In the records below, find the line that contains "THE REBEL BOW". Retype that line and all the lines after it through the end, leaving out the pictures.

━━━━━━━━

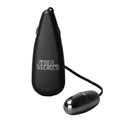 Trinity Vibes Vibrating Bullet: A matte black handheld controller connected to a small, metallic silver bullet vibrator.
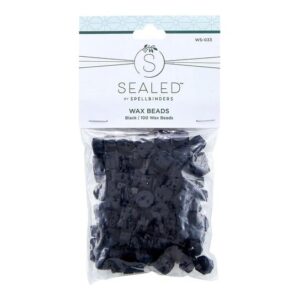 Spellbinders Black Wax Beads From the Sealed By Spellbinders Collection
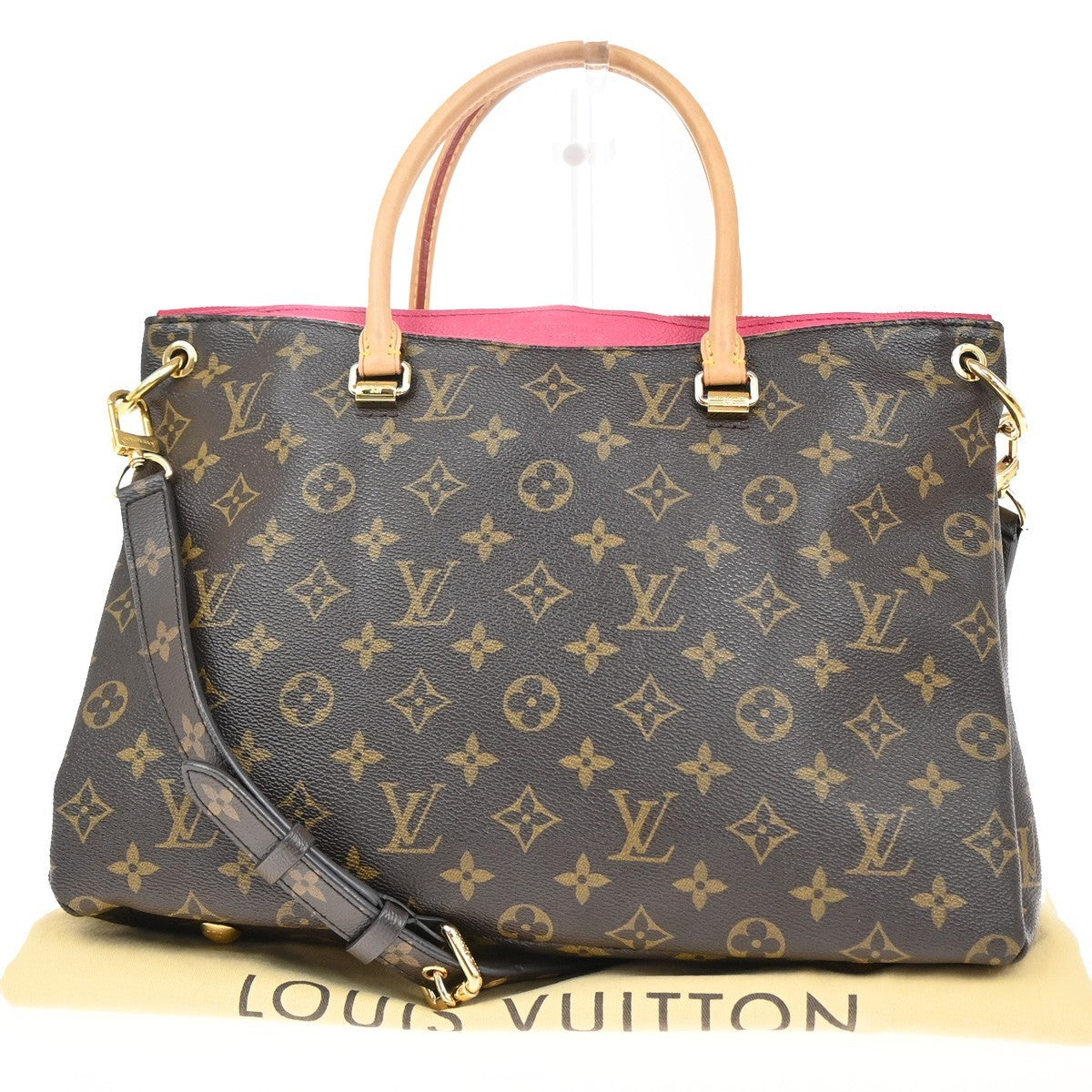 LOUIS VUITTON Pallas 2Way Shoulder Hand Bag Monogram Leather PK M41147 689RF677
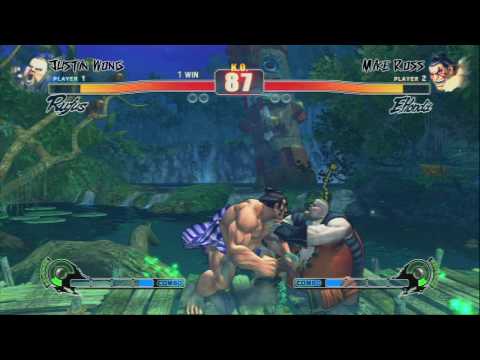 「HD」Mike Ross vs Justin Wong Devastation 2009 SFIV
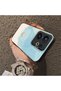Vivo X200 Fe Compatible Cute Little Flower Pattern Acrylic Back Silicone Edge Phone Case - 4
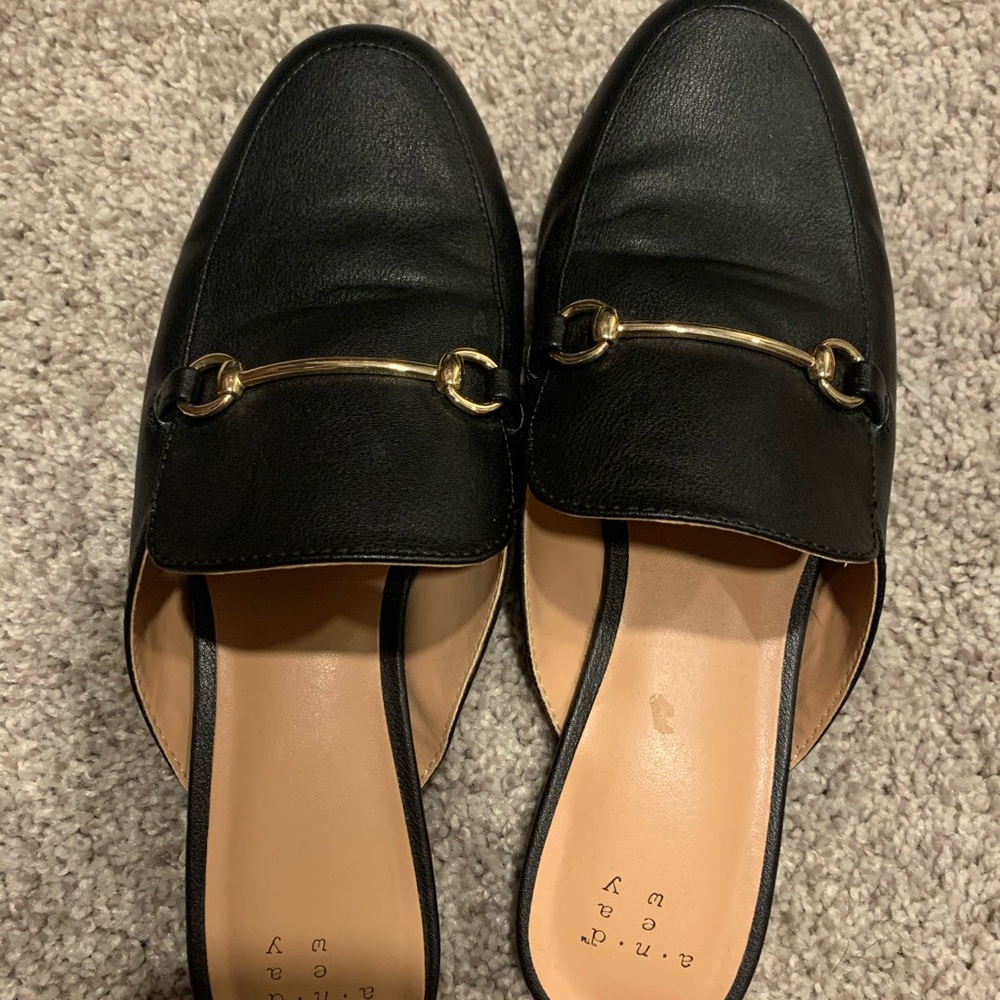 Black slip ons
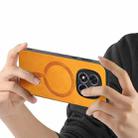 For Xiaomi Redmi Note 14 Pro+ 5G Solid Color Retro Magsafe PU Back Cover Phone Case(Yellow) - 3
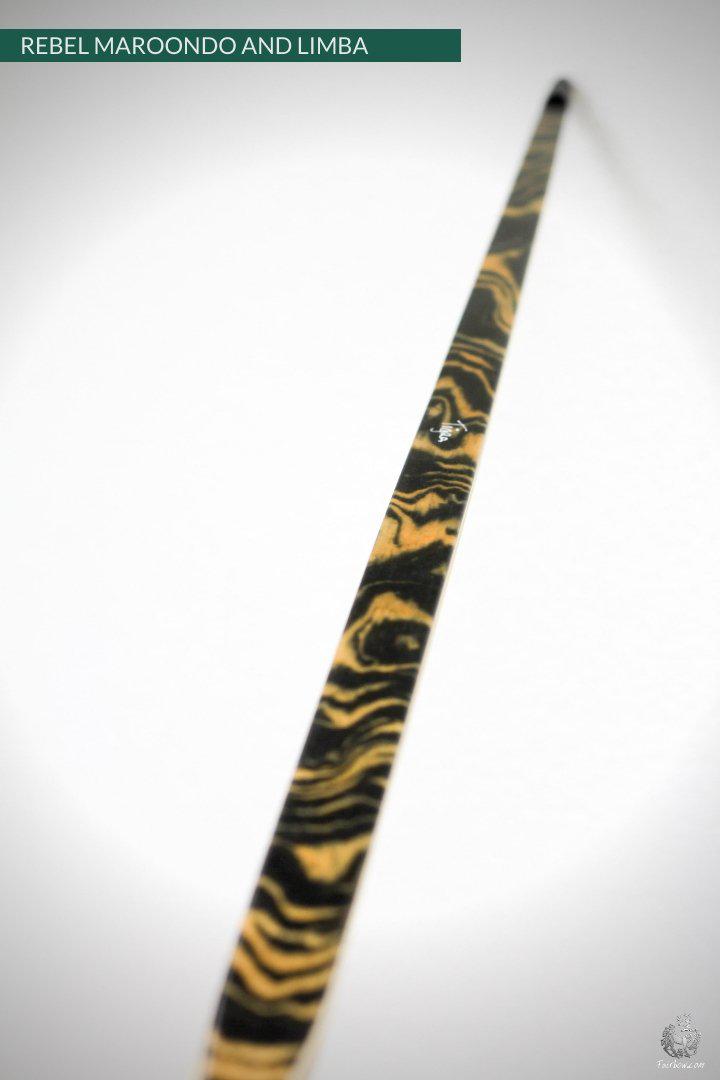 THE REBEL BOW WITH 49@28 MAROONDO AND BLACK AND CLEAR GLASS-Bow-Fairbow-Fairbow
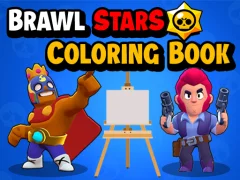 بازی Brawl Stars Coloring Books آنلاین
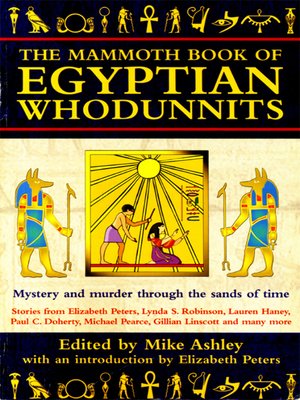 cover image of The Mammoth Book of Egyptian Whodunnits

━━━━━━━━

- [Result of the exercise]:
 THE REBEL BOW WITH 49@28 MAROONDO AND BLACK AND CLEAR GLASS-Bow-Fairbow-Fairbow
 بازی Brawl Stars Coloring Books آنلاین
 cover image of The Mammoth Book of Egyptian Whodunnits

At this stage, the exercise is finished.